Task to carry out: Write out everything in the records exactly, apart from the pictures.

Data for processing:
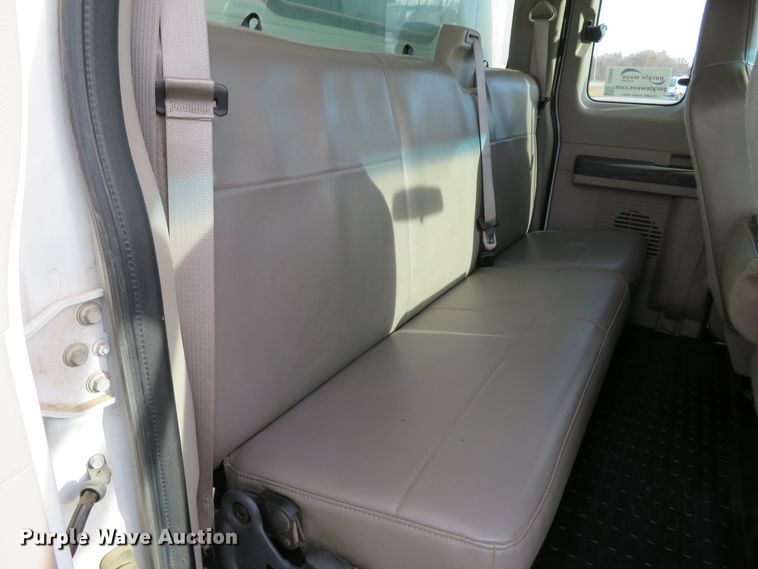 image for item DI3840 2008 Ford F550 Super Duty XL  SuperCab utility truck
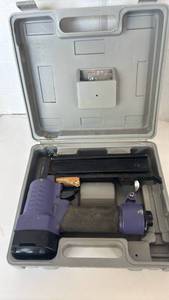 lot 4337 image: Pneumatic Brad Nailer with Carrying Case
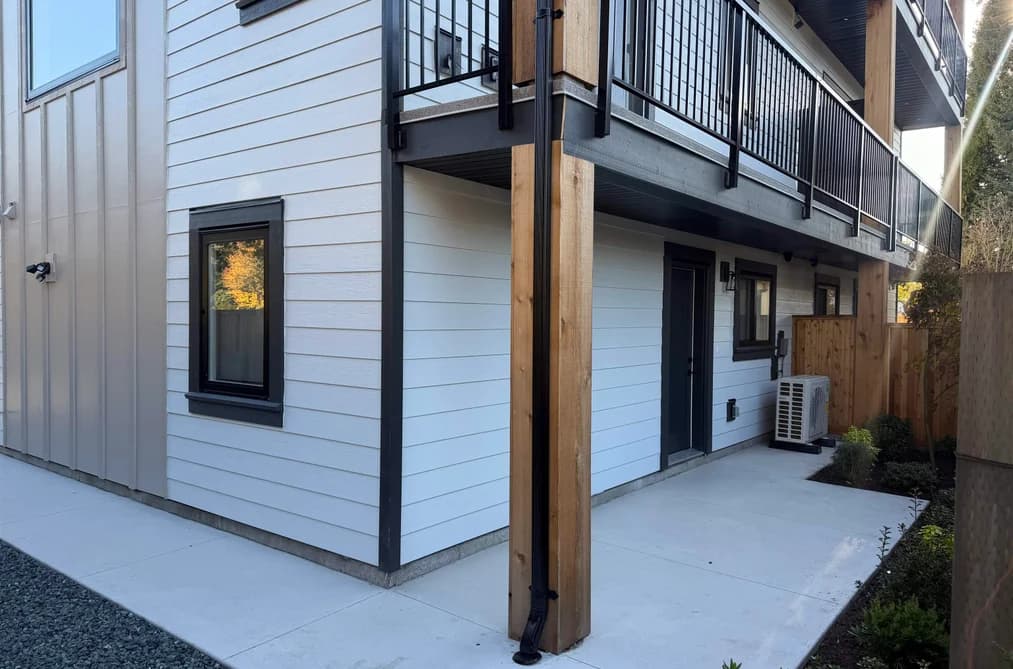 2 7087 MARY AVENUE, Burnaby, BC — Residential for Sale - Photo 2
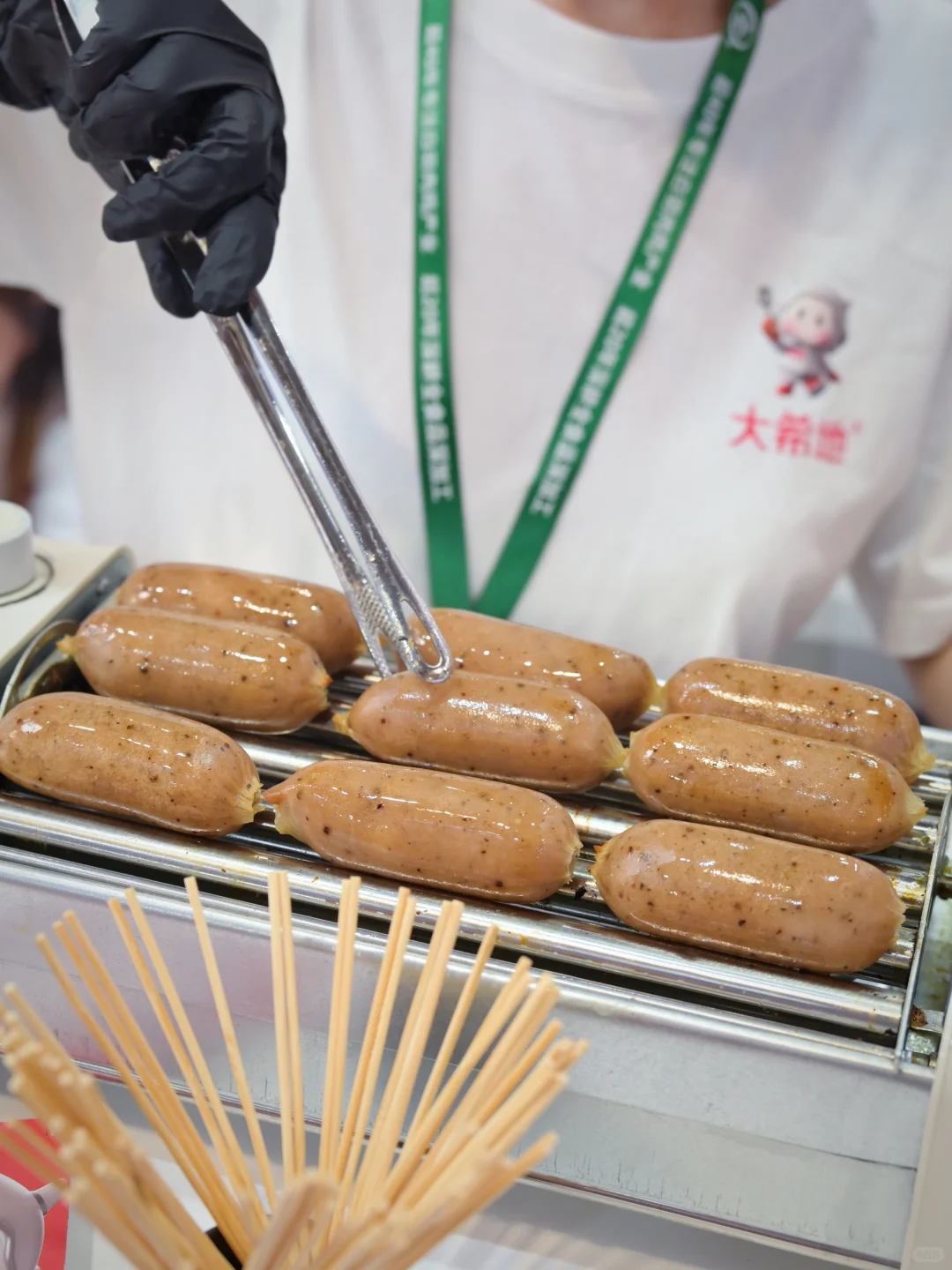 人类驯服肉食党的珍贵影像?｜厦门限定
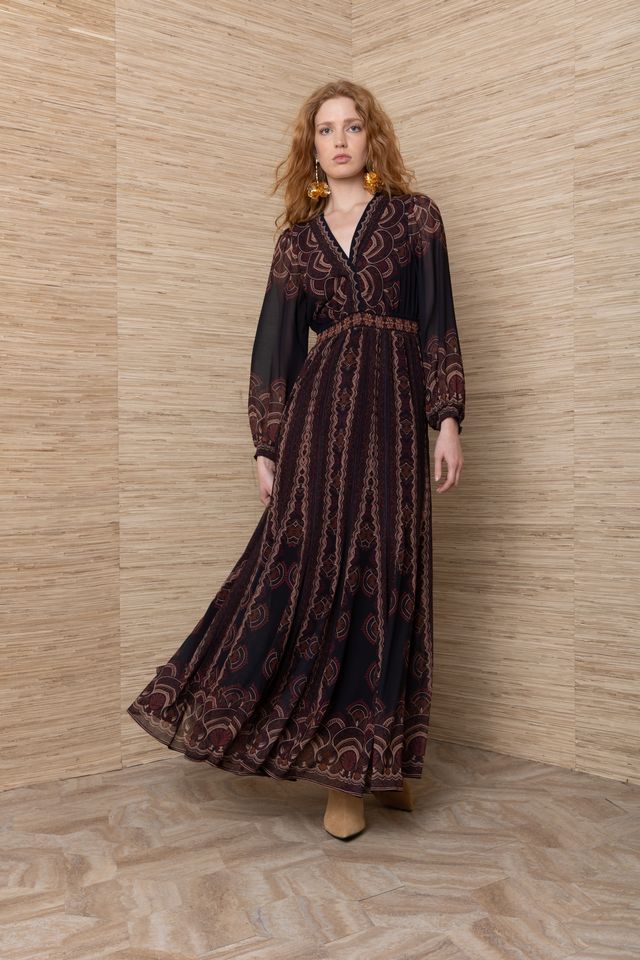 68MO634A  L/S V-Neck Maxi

Result of the exercise:
 image for item DI3840 2008 Ford F550 Super Duty XL  SuperCab utility truck
 lot 4337 image: Pneumatic Brad Nailer with Carrying Case
 2 7087 MARY AVENUE, Burnaby, BC — Residential for Sale - Photo 2
 人类驯服肉食党的珍贵影像?｜厦门限定
 68MO634A  L/S V-Neck Maxi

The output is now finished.